The Masters research project will examine the obstacles to the community reintegration of Pacific prisoners (males) with mental illness, when they are released from Rimutaka prison to the Wellington region.
The two settings to be examined are the Corrections and District Health Boards, the research focuses on
- Mental health policies & procedures
- Mental health service delivery.
The research question to be explored is: "What are obstacles to community reintegration of male Pacific prisoners with mental illness?"
Key issues to be explored are the interfacing issues between of Corrections and District Health Boards mental health systems.
This Research was funded by the University of Otago.
For further information contact Sione Feki
Improving Pacific peoples’ access to mental health services
Professor Sunny Collings, Dr Nandika Currey, Miss Malsha Kularatna
Pacific peoples experience mental disorders at higher levels than the general population. Even if their disorder is serious, Pacific peoples have been found to be much less likely to access mental health services compared to the general population.
Improving Pacific peoples’ access to mental health services has been identified as a high priority. Currently, however, there is a paucity of data and literature on Pacific mental health.
This Pacific Summer Studentship project seeks to identify ways of improving Pacific peoples’ access to mental health services. In doing so, this project adds to the small body of knowledge so that Pacific peoples affected by mental health can receive the highest quality care and support in a timely manner. Funded by the University of Otago Summer Studentship Funds.
For further information contact Nandika Currey
Suicidality and mental illness: From self-stigma to self-management
Media influences on suicidal behaviour: An interview study of young people in New Zealand
Professor Sunny Collings, Professor Keith Hawton, Dr Sarah Fortune, Ms Denise Steers, Ms Nandika Currey
This study aimed to provide a detailed understanding of the mechanisms by which the media may have influenced episodes of self-harm by adolescents who have harmed themselves and attend child and adolescent mental health services. While there exists a body of literature about media effects at a population level we understand very little about the mechanisms underlying these effects at the individual level. This was a qualitative survey study using in-depth interviews to generate the data, followed by systematic coding for categories of media and associated themes. The interview and method have been piloted in Oxford, England with 12 people aged 17-23 years who had self-harmed. This research was funded by Te Pou.

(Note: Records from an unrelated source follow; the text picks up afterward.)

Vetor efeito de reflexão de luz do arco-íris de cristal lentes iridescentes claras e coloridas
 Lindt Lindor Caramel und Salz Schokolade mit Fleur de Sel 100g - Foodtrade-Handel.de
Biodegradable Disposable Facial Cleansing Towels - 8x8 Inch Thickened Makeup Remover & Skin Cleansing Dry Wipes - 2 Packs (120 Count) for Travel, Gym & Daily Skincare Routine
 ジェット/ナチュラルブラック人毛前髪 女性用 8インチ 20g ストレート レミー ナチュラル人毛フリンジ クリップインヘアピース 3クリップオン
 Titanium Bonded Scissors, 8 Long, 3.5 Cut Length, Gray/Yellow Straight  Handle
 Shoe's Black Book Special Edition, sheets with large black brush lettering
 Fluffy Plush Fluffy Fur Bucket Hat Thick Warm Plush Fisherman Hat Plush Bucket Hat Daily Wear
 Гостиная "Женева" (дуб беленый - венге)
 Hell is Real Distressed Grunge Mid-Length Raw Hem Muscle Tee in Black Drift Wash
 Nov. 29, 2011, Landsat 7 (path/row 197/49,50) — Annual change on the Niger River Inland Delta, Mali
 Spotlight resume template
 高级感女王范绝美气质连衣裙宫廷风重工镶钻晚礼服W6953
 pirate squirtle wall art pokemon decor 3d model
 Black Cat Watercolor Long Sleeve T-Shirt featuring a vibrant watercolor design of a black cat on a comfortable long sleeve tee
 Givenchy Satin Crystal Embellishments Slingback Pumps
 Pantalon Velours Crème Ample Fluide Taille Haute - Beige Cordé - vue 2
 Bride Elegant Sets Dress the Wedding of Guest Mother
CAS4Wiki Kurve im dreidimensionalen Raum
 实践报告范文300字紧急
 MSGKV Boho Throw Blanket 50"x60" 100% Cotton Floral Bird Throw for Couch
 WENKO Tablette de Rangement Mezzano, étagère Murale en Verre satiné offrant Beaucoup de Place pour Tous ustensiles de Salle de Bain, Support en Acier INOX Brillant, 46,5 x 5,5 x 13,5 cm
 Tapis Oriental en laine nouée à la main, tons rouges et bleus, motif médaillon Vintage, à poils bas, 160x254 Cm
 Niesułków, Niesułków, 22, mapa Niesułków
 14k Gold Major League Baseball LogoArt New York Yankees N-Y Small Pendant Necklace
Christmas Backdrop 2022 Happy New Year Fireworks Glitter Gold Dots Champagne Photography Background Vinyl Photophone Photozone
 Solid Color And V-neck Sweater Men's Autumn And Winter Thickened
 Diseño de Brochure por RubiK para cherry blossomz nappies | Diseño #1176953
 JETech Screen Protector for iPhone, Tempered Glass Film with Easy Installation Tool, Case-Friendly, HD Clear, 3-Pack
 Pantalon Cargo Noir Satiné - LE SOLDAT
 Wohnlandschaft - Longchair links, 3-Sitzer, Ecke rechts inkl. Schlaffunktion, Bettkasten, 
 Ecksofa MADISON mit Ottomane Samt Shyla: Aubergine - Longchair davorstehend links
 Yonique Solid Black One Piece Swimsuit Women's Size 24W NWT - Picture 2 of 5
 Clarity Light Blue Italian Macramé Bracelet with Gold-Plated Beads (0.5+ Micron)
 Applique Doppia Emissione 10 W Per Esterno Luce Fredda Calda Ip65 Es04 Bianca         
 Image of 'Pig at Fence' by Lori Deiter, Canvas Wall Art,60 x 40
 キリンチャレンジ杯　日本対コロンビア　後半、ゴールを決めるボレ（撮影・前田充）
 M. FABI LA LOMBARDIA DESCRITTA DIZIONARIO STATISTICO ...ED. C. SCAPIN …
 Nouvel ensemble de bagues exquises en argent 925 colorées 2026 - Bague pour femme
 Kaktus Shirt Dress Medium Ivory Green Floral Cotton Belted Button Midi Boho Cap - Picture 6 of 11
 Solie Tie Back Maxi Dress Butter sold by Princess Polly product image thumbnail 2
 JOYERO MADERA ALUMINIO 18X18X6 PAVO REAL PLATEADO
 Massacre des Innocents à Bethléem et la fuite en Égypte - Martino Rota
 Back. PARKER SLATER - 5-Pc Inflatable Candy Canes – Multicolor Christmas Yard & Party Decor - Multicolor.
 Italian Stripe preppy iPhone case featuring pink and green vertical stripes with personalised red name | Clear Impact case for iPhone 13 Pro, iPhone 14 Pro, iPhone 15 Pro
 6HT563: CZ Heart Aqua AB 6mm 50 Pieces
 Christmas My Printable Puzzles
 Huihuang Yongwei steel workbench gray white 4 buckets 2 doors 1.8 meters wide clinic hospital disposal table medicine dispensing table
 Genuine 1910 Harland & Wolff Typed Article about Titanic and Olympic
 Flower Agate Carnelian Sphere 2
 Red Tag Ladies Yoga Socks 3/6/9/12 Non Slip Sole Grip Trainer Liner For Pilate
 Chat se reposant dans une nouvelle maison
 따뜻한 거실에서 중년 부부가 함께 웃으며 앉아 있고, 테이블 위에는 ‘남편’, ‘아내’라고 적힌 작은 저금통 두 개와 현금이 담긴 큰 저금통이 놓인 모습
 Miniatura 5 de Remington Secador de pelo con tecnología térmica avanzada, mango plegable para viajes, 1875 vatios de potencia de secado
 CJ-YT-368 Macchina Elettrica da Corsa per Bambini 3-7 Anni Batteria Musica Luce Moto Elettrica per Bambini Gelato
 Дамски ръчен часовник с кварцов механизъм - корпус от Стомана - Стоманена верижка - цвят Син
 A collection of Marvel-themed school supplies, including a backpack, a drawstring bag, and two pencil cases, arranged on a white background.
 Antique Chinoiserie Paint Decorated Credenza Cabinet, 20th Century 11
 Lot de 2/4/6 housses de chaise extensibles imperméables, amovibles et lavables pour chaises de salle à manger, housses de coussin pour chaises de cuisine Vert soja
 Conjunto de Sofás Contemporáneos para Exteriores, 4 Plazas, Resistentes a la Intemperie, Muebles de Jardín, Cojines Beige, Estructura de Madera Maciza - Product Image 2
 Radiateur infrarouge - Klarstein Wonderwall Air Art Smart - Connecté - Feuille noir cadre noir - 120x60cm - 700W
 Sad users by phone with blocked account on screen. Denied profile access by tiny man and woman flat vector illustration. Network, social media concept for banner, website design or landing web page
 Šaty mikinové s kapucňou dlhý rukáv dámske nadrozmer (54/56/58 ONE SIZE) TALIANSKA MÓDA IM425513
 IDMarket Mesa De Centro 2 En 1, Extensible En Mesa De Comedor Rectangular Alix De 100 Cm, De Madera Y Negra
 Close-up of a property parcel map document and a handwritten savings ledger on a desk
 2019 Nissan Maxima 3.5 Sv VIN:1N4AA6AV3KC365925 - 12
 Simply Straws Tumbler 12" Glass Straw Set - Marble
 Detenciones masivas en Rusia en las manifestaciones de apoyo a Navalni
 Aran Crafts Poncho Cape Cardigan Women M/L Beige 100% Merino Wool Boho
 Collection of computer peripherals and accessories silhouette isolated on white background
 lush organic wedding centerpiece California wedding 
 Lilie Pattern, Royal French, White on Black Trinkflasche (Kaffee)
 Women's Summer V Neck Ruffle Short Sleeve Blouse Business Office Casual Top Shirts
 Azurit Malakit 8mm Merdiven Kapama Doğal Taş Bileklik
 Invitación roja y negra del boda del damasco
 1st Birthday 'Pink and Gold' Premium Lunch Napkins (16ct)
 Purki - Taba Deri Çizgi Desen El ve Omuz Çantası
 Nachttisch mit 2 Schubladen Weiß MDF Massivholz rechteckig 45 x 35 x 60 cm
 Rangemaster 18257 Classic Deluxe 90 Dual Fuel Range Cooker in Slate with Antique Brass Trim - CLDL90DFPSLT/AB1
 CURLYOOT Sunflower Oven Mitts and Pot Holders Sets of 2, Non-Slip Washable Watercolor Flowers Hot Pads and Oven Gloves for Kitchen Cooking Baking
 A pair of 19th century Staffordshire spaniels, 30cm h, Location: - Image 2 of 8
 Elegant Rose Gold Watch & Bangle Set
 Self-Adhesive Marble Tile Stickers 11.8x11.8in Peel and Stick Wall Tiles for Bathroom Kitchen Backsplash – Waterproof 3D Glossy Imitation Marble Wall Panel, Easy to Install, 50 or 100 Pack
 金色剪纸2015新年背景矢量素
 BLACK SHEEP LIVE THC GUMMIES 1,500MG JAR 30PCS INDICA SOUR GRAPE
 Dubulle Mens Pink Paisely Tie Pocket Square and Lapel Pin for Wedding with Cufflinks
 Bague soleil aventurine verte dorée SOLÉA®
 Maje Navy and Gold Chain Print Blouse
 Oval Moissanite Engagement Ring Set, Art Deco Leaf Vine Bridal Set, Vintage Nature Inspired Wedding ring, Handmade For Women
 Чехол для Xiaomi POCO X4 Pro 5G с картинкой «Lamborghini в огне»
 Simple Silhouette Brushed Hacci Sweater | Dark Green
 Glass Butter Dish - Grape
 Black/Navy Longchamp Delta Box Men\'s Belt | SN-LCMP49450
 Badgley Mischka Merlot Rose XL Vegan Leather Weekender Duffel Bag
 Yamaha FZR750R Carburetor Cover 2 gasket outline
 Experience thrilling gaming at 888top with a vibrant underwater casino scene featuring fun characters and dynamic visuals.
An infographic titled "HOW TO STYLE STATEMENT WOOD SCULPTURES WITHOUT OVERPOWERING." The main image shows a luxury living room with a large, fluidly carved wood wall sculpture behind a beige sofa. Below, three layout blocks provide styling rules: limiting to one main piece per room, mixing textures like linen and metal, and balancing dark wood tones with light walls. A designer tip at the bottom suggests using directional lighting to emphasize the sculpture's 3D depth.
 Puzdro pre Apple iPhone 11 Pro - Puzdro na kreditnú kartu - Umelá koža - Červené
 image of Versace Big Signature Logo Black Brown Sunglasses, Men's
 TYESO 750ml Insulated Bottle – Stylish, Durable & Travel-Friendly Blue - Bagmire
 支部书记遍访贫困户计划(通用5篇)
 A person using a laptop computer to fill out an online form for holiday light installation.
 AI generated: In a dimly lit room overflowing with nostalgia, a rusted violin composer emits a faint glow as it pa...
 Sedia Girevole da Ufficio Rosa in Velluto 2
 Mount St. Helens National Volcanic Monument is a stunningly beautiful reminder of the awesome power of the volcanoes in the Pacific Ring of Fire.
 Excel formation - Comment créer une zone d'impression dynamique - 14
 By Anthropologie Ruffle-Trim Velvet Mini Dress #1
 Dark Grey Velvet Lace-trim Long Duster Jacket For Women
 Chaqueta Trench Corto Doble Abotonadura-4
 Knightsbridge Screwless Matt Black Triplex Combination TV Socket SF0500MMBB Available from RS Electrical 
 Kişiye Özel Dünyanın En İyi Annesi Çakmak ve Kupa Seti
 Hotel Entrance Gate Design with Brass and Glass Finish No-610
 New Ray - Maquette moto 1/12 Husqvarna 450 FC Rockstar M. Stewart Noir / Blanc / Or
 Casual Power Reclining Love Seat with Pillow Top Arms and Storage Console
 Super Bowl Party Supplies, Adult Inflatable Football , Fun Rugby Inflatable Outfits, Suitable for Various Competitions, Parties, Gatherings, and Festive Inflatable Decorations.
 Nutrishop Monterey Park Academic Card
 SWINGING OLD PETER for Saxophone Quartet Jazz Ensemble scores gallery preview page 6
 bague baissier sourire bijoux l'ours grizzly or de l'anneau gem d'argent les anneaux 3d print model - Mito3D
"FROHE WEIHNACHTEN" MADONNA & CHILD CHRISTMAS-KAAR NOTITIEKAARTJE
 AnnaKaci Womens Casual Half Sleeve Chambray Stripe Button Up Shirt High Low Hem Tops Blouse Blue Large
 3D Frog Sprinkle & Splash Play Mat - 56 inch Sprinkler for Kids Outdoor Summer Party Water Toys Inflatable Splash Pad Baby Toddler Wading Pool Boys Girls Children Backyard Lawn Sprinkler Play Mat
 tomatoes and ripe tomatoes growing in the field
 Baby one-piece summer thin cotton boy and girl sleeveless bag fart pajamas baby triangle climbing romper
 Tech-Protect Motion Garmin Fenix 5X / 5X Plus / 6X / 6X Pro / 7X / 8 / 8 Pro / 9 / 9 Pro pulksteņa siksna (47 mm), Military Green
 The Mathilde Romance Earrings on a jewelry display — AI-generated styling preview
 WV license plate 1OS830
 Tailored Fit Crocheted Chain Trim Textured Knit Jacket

Influences of the virtual social environment on suicide and self-harm: a qualitative investigation of the perspectives of young male adult website users
Ms Susan Knox, Professor Sunny Collings, Dr Sarah Fortune
This Masters research was an extension of an existing study ‘Media influences on suicidal behaviour: an interview study of young people’. The primary aim of this study was to investigate how young men interact and engage with electronic media to increase our understanding of how media influences behaviour. This study provided an opportunity increase understanding of media influences on self-harm and suicide. This research was funded by Te Pou.